LE CENTENAIRE DE SHAKESPEARE

le comite de shakespeare à victor hugo
Cher et illustre maître,

Une réunion d’écrivains, d’auteurs et d’artistes dramatiques, et de représentants de toutes les professions libérales, a eu lieu dans le but d’organiser, à Paris, pour le 23 avril, une fête à l’occasion du trois centième anniversaire de la naissance de Shakespeare.

Ont été nommés membres du comité shakespearien français :

MM. Auguste Barbier, Barye, Charles Bataille (du Conservatoire), Hector Berlioz, Alexandre Dumas, Jules Favre, George Sand, Jules Janin, Théophile Gautier, François-V. Hugo, Legouvé, Littré, Paul Meurice, Michelet, Eugène Pelletan, Régnier (de la Comédie française).
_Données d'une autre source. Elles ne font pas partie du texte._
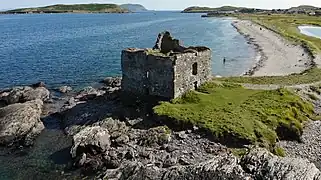 Luftaufnahme der Ruine des Tower Houses mit der Klosterruine im Hintergrund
Secrétaires : MM. Laurent Pichat, Leconte de Lisle, Félicien Mallefille, Paul de Saint-Victor, Thoré.

La présidence vous a été décernée à l’unanimité.

Elle était due au grand poëte et au grand citoyen.

Nous attendons avec confiance une adhésion qui donnera à cette fête sa complète signification.

Les délégués du comité :
Laurent
Henri Rochefort.
Louis Ulbach.
Auguste Vacquerie.
E. Valnay.
au comité pour shakespeare
Hauteville-House, 16 avril 1864.
Messieurs,

Il me semble que je rentre en France. C’est y être que de se sentir parmi vous. Vous m’appelez, et mon âme accourt.

En glorifiant Shakespeare, vous, français, vous donnez un admirable exemple. Vous le mettez de plain-pied avec vos illustrations nationales ; vous le faites fraterniser avec Molière que vous lui associez, et avec Voltaire que vous lui ramenez. Au moment où l’Angleterre fait Garibaldi bourgeois de la cité de Londres, vous faites Shakespeare citoyen de la république des lettres françaises. C’est qu’en effet Shakespeare est vôtre. Vous aimez tout dans cet homme ; d’abord ceci, qu’il est un homme ; et vous couronnez en lui le comédien qui a souffert, le philosophe qui a lutté, le poëte qui a vaincu. Vos acclamations honorent dans sa vie la volonté, dans son génie la puissance, dans son art la conscience, dans son théâtre l’humanité.

Vous avez raison, et c’est juste. La civilisation bat des mains autour de cette noble fête.

Vous êtes les poëtes glorifiant la poésie, vous êtes les penseurs glorifiant la philosophie, vous êtes les artistes glorifiant l’art ; vous êtes autre chose encore, vous êtes la France saluant l’Angleterre. C’est la magnanime accolade de la sœur à la sœur, de la nation qui a eu Vincent de Paul à la nation qui a eu Wilberforce, et de Paris où est l’égalité à Londres où est la liberté. De cet embrassement jaillira l’échange. L’une donnera à l’autre ce qu’elle a.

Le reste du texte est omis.